- Task item: Repeat the listing exactly as given, omitting every image.

- Entries shown:
= = = = =

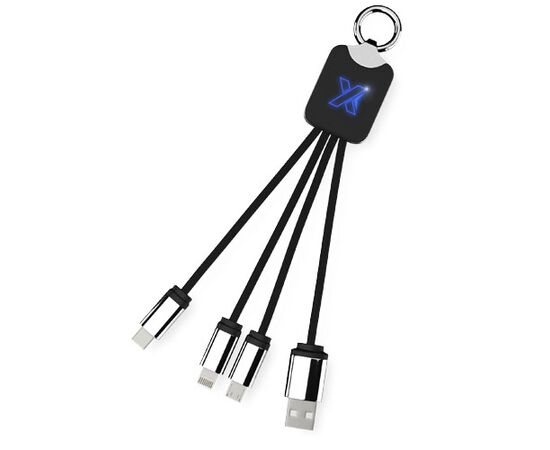 SCX.design C15 Quatro Ladekabel mit Leuchtlogo Blau, Schwarz - SCX.design 2PX00152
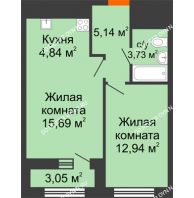 1 комнатная квартира 43,87 м² в ЖК Дом на Набережной, дом № 1 - планировка
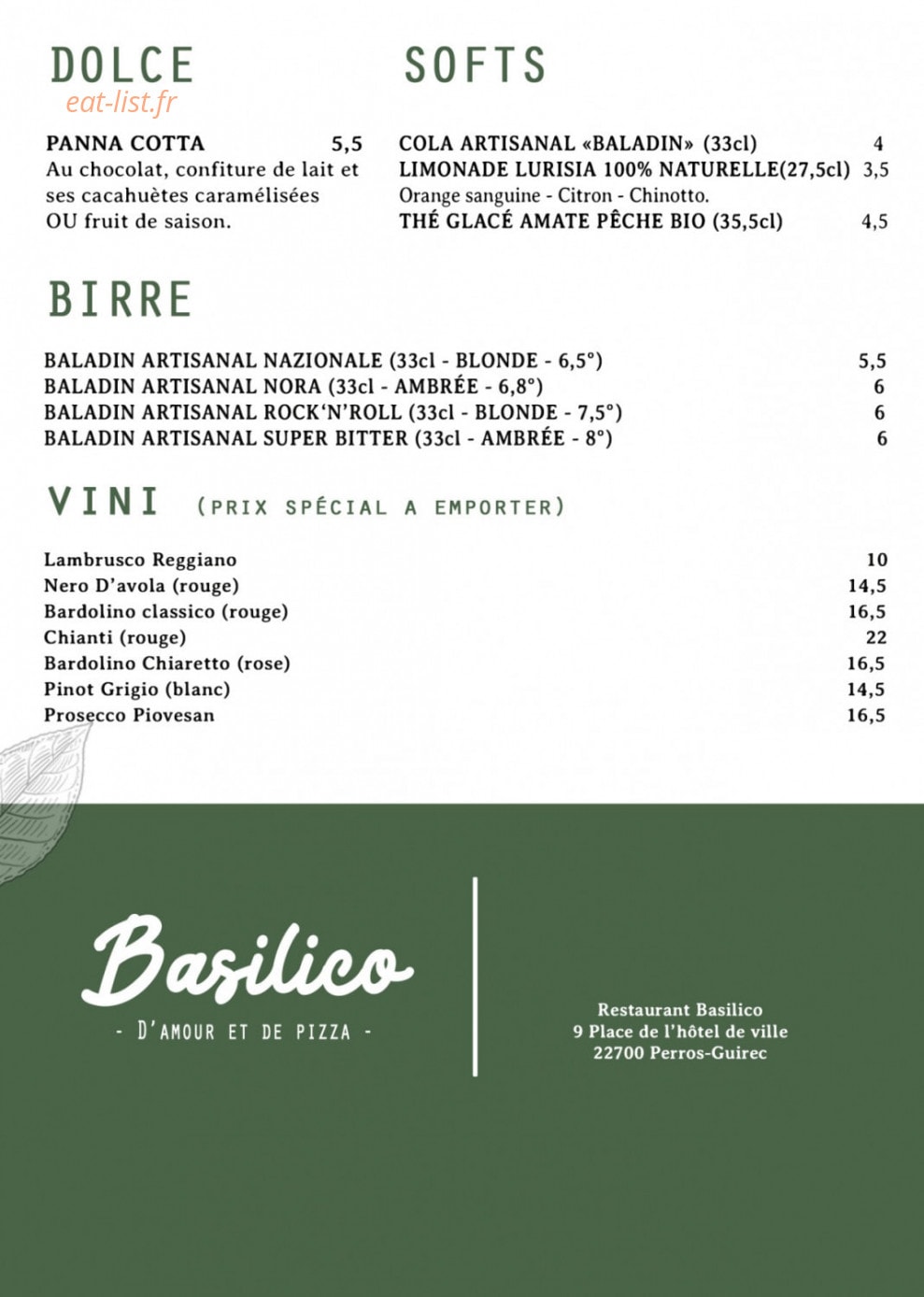 Basilico — carte page 2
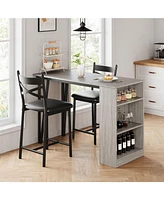 gaomon Dining Table Set for 2, Kitchen Bar Table and Chairs for 2, 3-Piece Kitchen Table Set with 2 Upholstered Chairs,Grey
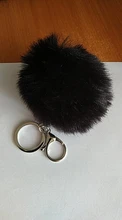 LLavero de piel falsa de 8cm para automóvil, llavero para automóvil con pompón, cadenas de color plateado, pompones, imitación de piel de zorro y conejo, 1 Uds.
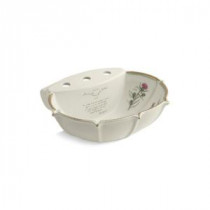 Anatole 6-5/8 in. Vitreous China Pedestal Sink Basin in Biscuit with Prairie Flowers Design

= = = = =

- Result:
 SCX.design C15 Quatro Ladekabel mit Leuchtlogo Blau, Schwarz - SCX.design 2PX00152
 1 комнатная квартира 43,87 м² в ЖК Дом на Набережной, дом № 1 - планировка
 Basilico — carte page 2
 gaomon Dining Table Set for 2, Kitchen Bar Table and Chairs for 2, 3-Piece Kitchen Table Set with 2 Upholstered Chairs,Grey
 LLavero de piel falsa de 8cm para automóvil, llavero para automóvil con pompón, cadenas de color plateado, pompones, imitación de piel de zorro y conejo, 1 Uds.
 Anatole 6-5/8 in. Vitreous China Pedestal Sink Basin in Biscuit with Prairie Flowers Design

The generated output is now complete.